Et que le silence reprendra ses droits ?

Il n'a jamais cessé, le silence, comme le bruissement sourd de l'océan derrière les rires et les cris des vacanciers insouciants. La nuit le libère, la nuit déblaie ce qui encombrait son passage. La vérité aura son heure, car elle l'a toujours eu, en secret, sous le bruit.

Et que regretterons-nous, à cette heure ?...

19 novembre 2006

Obscurantisme

Nous vivons une époque obscurantiste.

Obscurantiste : le savoir n'est plus divulgué ; on décourage ceux qui l'ont (les professeurs par exemple) de le donner à ceux qui ne l'ont pas.

Obscurantiste : l'autorité légitime que devrait conférer la connaissance approfondie d'un domaine est niée ; tout pouvoir fondé sur le savoir est vécu comme un abus, une tyrannie inadmissible.

Obscurantiste : les médias n'accordent strictement aucune valeur à la connaissance. Etre jeune, riche, mince et beau/belle, voilà l'important. Le reste on s'en fout.

Obscurantiste : les véritables intellectuels sont ignorés et les pseudo-intellectuels, ânes tapageurs et lèche-bottes à la solde d'un parti ou d'une idéologie dominante, sont célébrés.

Le problème vient peut-être - entre autre - que la "démocratie" ou "les droits de l'homme" ont changé de définition.

"Tous les hommes naissent libres et égaux en droit" signifiait au départ que tous les hommes naissaient égaux en droit, mais pas égaux en capacités ; maintenant cela signifie qu'ils naissent et demeurent égaux en capacité intellectuelle, culture et savoir.

Ce qui fait que l'opinion irréfléchie de quelqu'un qui n'a jamais étudié la question, est considérée comme ayant une valeur égale à celle de quelqu'un qui s'est renseigné sur la question, ou même à celle d'un spécialiste de la question.
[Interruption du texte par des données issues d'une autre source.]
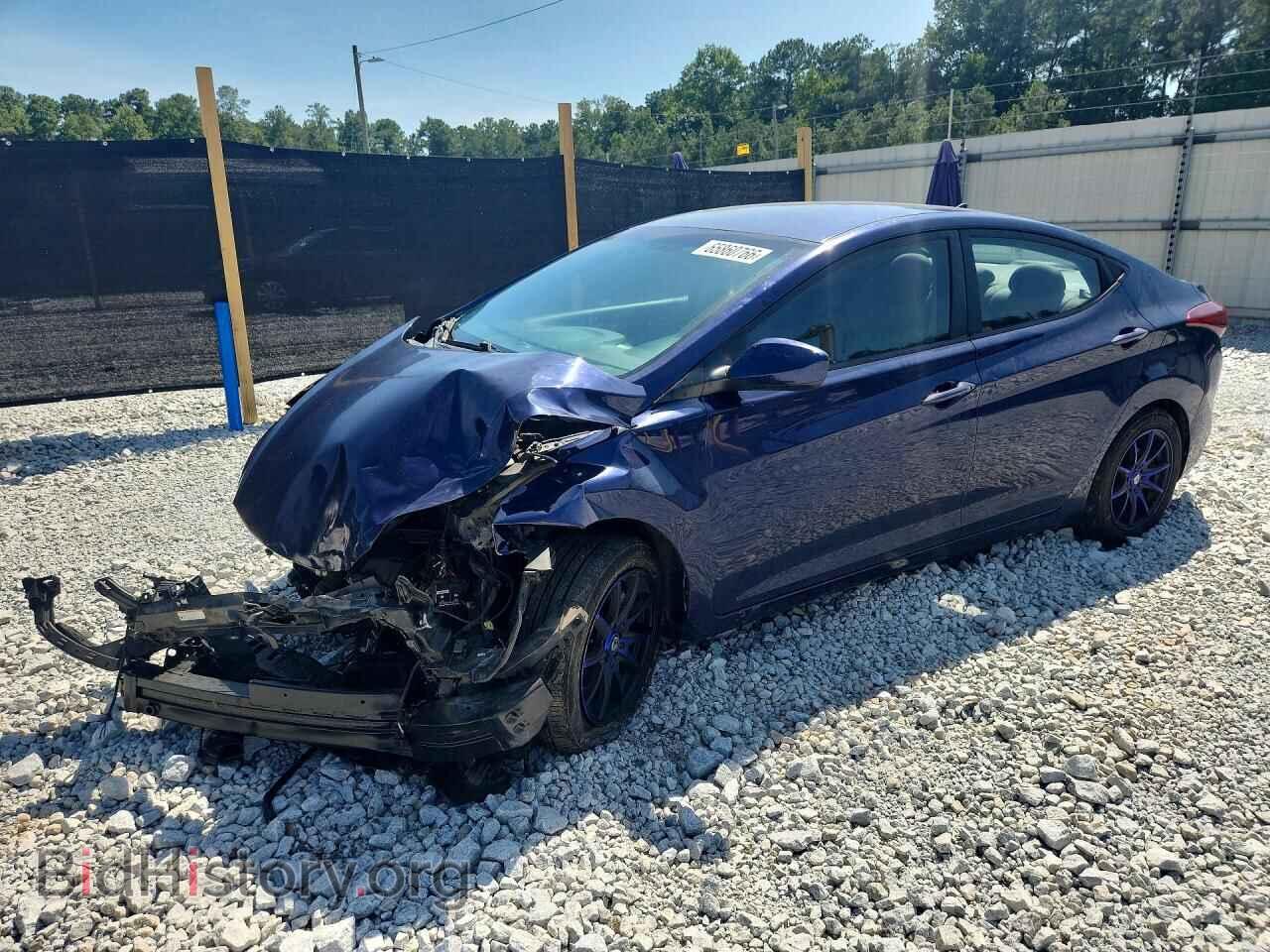 Photo 5NPDH4AE0CH080712 - HYUNDAI ELANTRA 2012
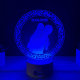 Lampa 3D Personalizata cu Poza – Mama si Copilul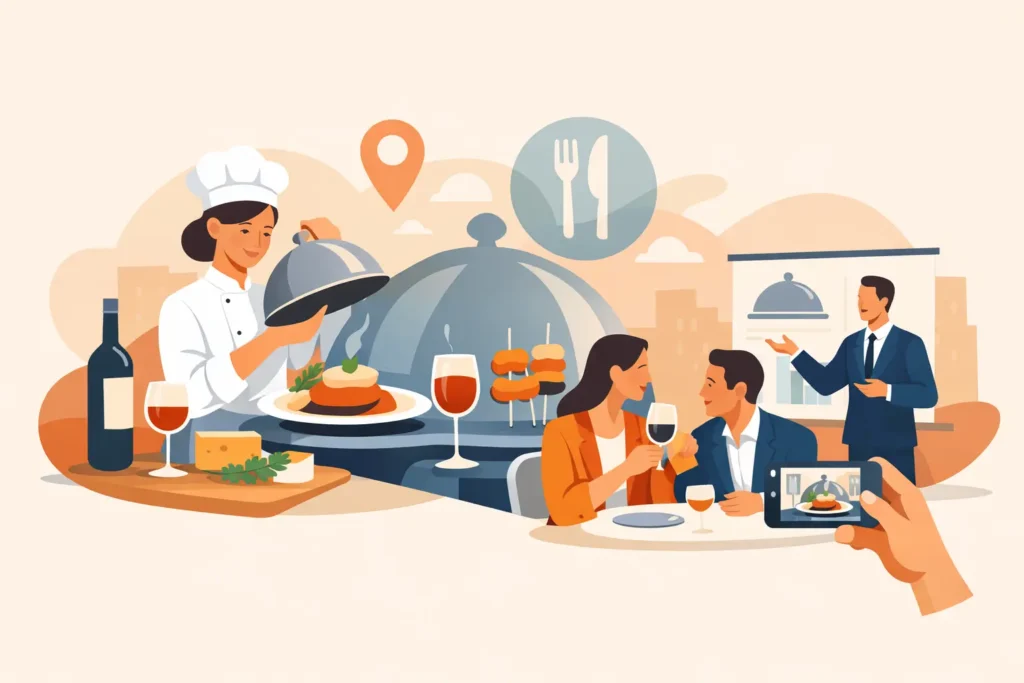 Ativação de marketing com experiência gastronômica
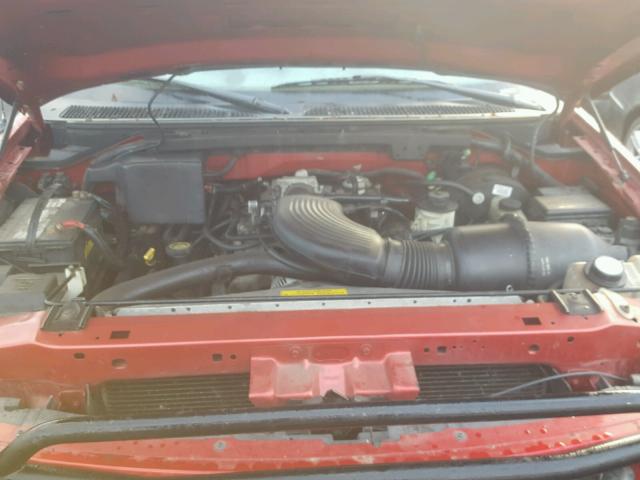 1FMFU18L7WLA12314 - 1998 FORD EXPEDITION RED photo 7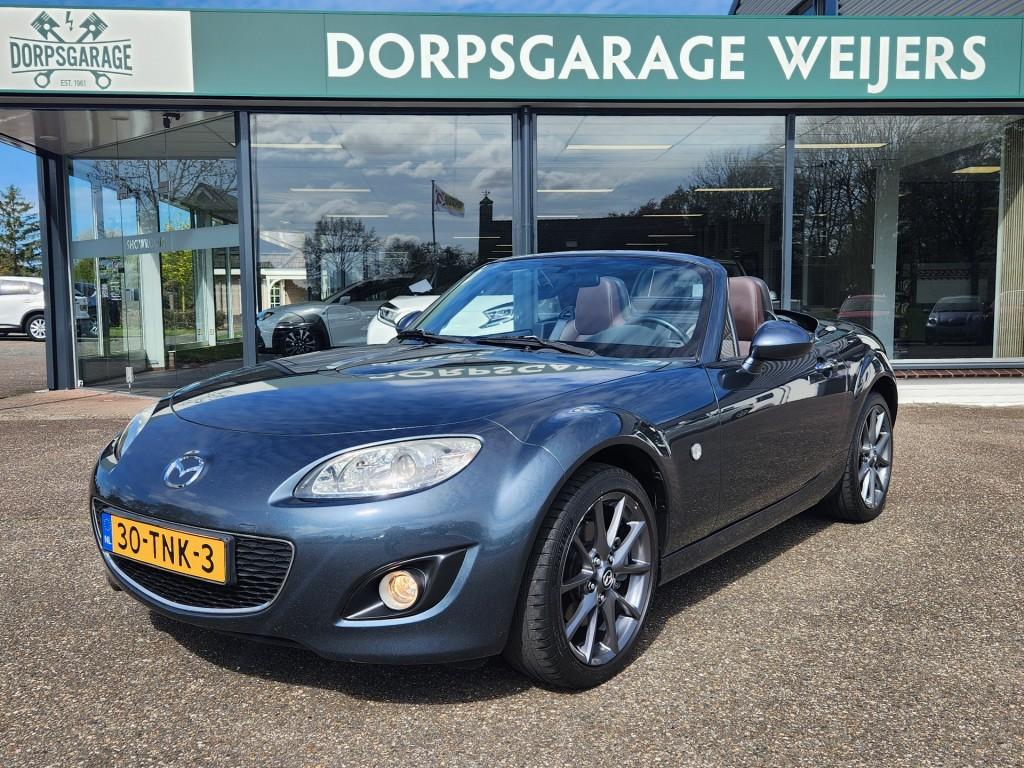 Mazda MX-5 1.8 Kyudo, Roadster Coupe, Navi, Clima, Leder, Cr, Auto's, Mazda, 127 pk, Euro 5, Achterwielaandrijving, Gebruikt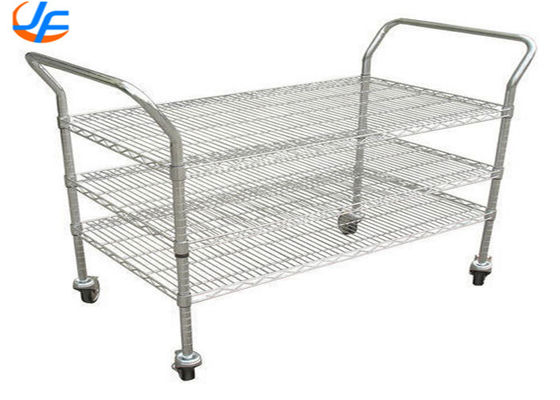 RK Bakeware China Foodservice NSF Stainless Steel Serving Cart Rolling Cart Transportation Cart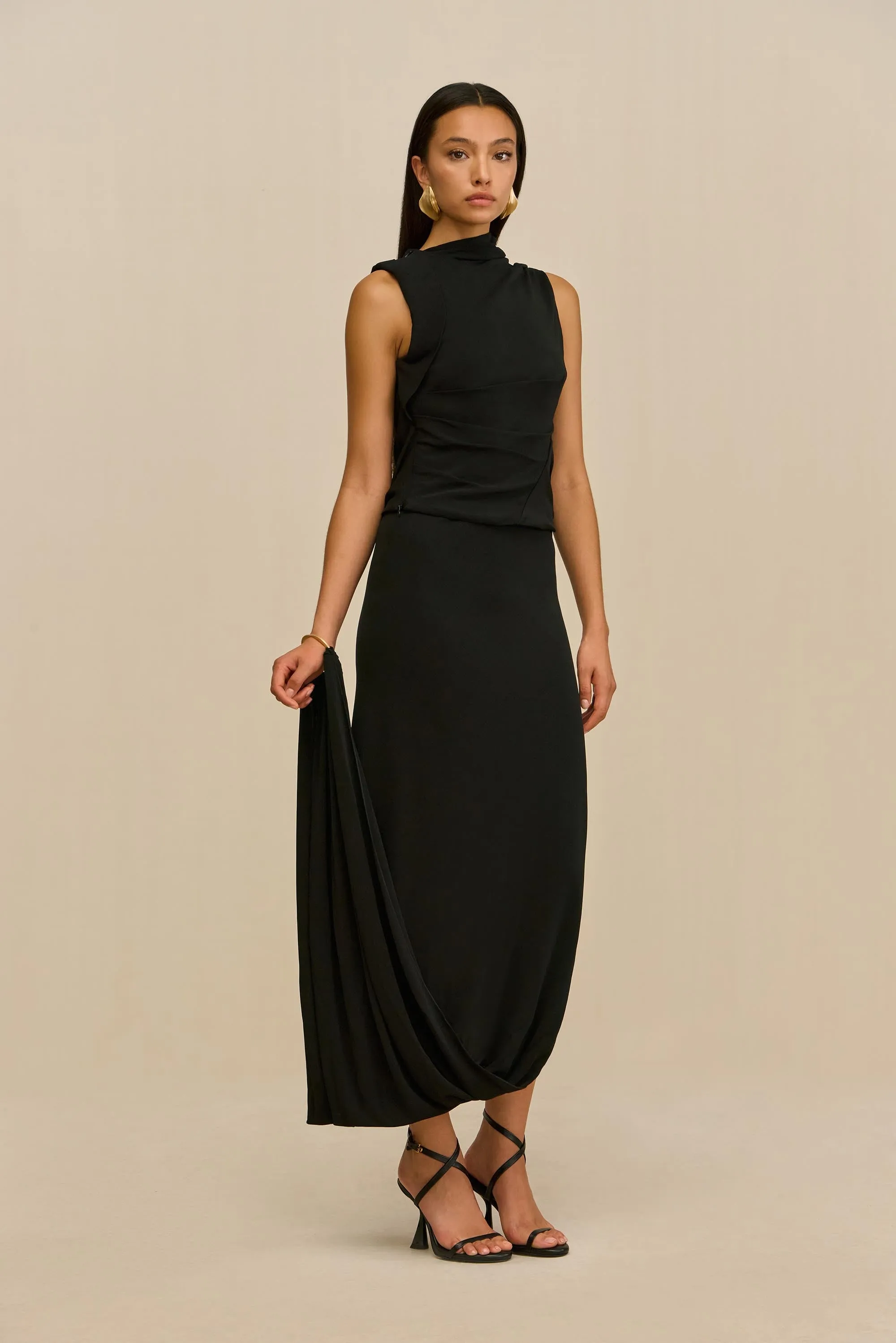 KAYLYN SKIRT - BLACK sold by Cult Gaia product image thumbnail 2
Certes, lorsqu'il s'agit de foot, on sait encore que tous les homme ne sont pas égaux de fait, même s'ils sont égaux de droit : il y en a qui jouent bien, d'autres très bien, d'autres qui jouent très mal, d'autres qui ne jouent pas du tout et qui s'en foutent.

Mais dès qu'il s'agit de réflexion, de discernement, de logique ou de raisonnement... Zidane ne vaut pas plus que ma grand-mère ; les surdoués ne valent pas plus que les sousdoués ; ni la lecture, ni la recherche, ni la réflexion ne font la moindre différence.
Dans notre monde post-moderne, personne n'est plus renseigné, plus réfléchi, plus intelligent que personne ; celui qui oserait prétendre qu'il y a une différence de profondeur entre les idées de Montaigne ou de Proust d'un côté, et celles de n'importe quel élève particulièrement nul de 4ème de l'autre, serait un méchant élitiste rétrograde, hostile à la démocratie.

Car la "démocratie", ce n'est plus le gouvernement du peuple par le peuple, c'est l'égalité des zéros.

Le raisonnement (plus ou moins explicite) est le suivant : si plus personne ne sait rien, le savoir aura perdu tout intérêt. Donc il suffit de se donner pour objectif que plus personne ne sache rien, en commençant par les élèves, et bientôt, ce sera tout à fait normal de ne pas savoir lire...

Ce qui suppose que la connaissance - même celle complètement basique qui consiste à lire et écrire correctement - n'est qu'un vestige archaïque, prétentieux et inutile de l'Ancien Régime... un peu comme la particule "de".

Et la vérité qui se cache derrière tout ça, c'est que des crétins complètement abrutis (intelligents à la base, mais tellement incultes, voire illettrés, qu'ils sont devenus bêtes avec le temps) sont infiniment plus manipulables que des êtres conscients et intelligents.

Quand on tient la télécommande, quand on veut s'en servir, on s'efforce d'ôter les fonctions "langage articulé et logique", "réflexion" et "causalité" des cerveaux des êtres humains : un robot n'en serait plus un, s'il parvenait à penser.